Global History II - Regents Review Vocab Topic 9 & 10

Global History and Geography Regents Review Vocabulary

Topic 9 - Unit 10.5 Interwar Years

Topic 10 - Unit 10.5 World War II & the Holocaust


Topic 9 After World War 1, global problems remained. The Treaty of Versailles punished Germany. The League of Nations had little power. Old empires had collapsed, and new nations had come into being. Nationalism continued to cause. World War 1 had disillusioned many, altered society, and prompted new forms of expression. In Europe and the United States, women struggled to gain the right to vote. Then, in 1929, the global economy crushed, leading to a worldwide depression. During this time, facism a new kind of dictatorship, rose in Italy and Germany. In Japan aggressive military leaders gained power.

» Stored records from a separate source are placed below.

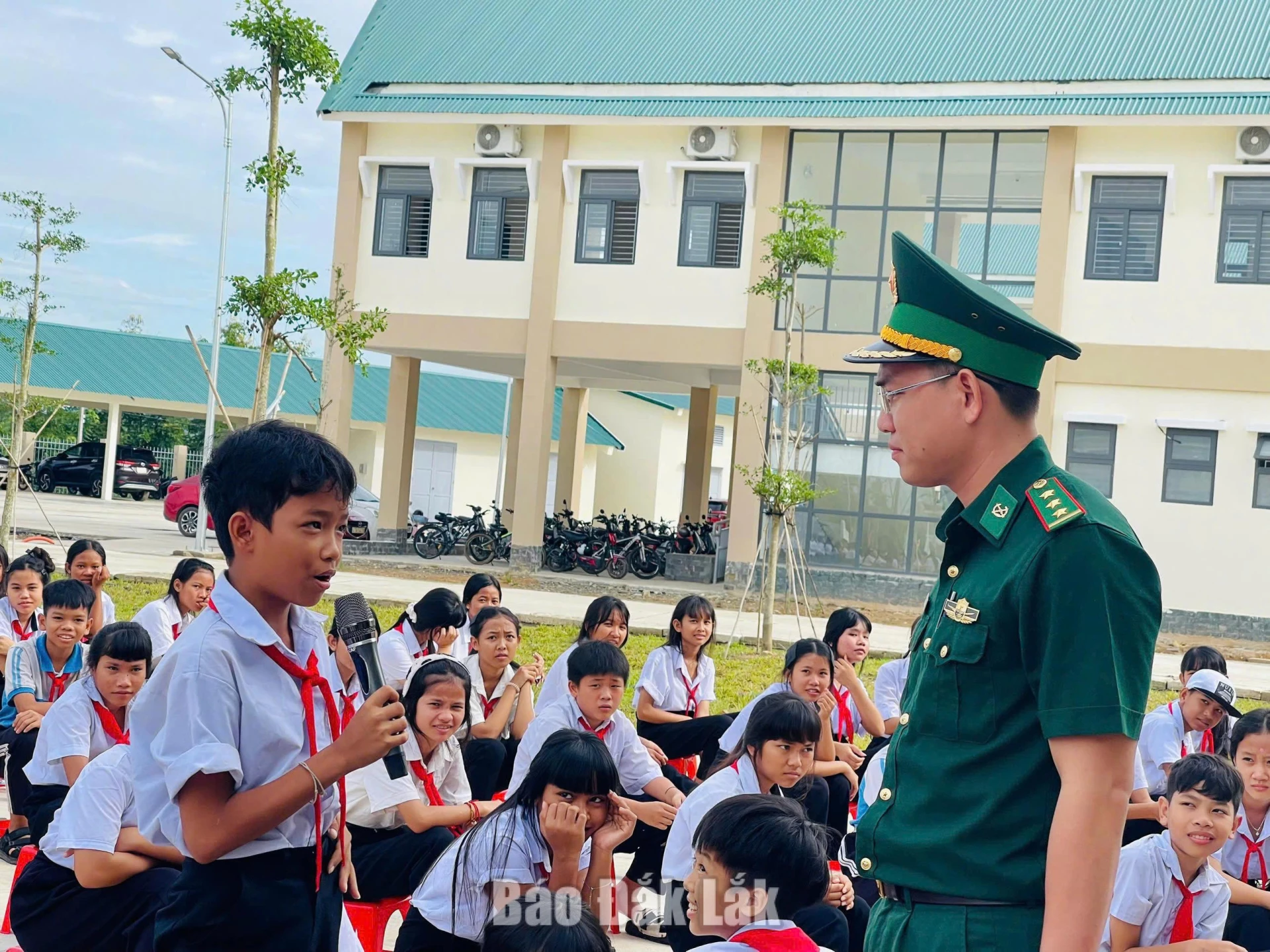 Ra mắt mô hình “Tiết học biên cương” tại xã Buôn Đôn 3 Bộ đội Biên phòng tuyên truyền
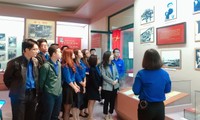 Tham quan bảo tàng Tuổi trẻ Việt Nam nghe về tấm gương các anh hùng trẻ tuổi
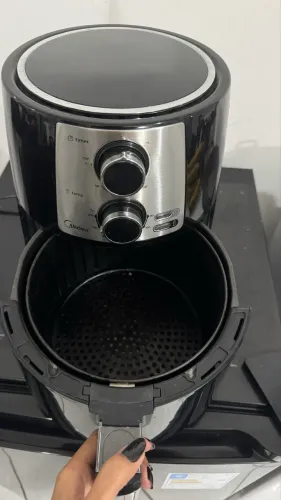 Air Fryer Midea 3,5L ? Preta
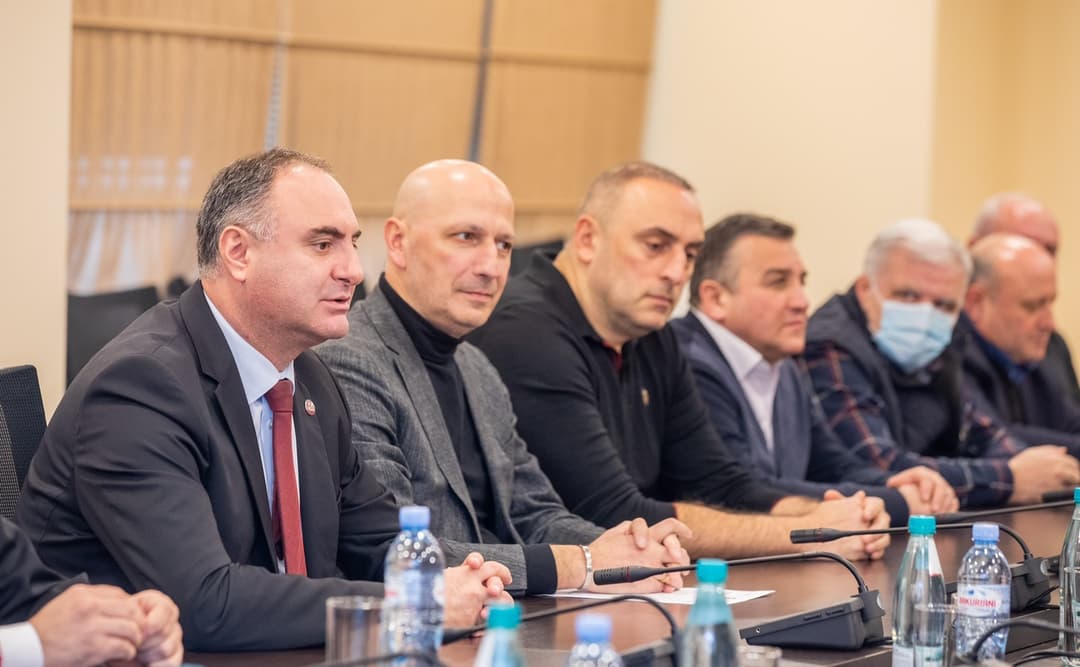 Deputy defence minister discusses new defence code with religious denominations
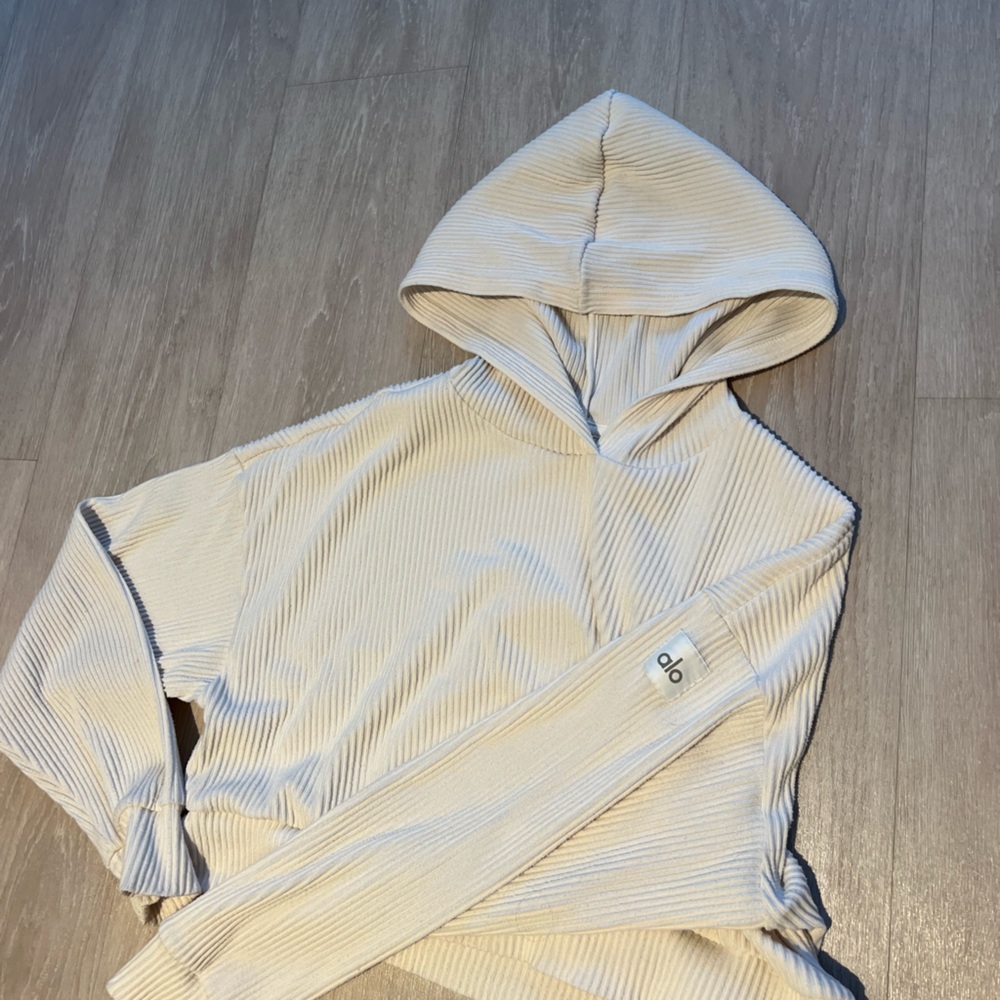 Alo sweatshirt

Topic 10 During the 1930s, Italy, Germany, and Japan sought to build new empires. At first, the democratic powers did not stop them. In 1939, when German aggression became impossible to ignore, World War II began. With advanced technology, the war covered a larger area and was more destructive than any before. Civilians were greatly affected, facing rationing, military attacks, and sometimes severe repression. At first, the Axis powers won major victories. After the entry of the United States and the Soviet Union on the Allied side, however, the tide began to turn. The Nazis carried out a plan to exterminate European Jews and other people whom they regarded as undesirable. Now known as the Holocaust, it had many lasting effects. There were enormous losses of life and property. The war finally ended in 1945. The United Nations was formed to try to maintain peace. Europe became divided, with communist governments in Eastern Europe and democratic governments in Western Europe.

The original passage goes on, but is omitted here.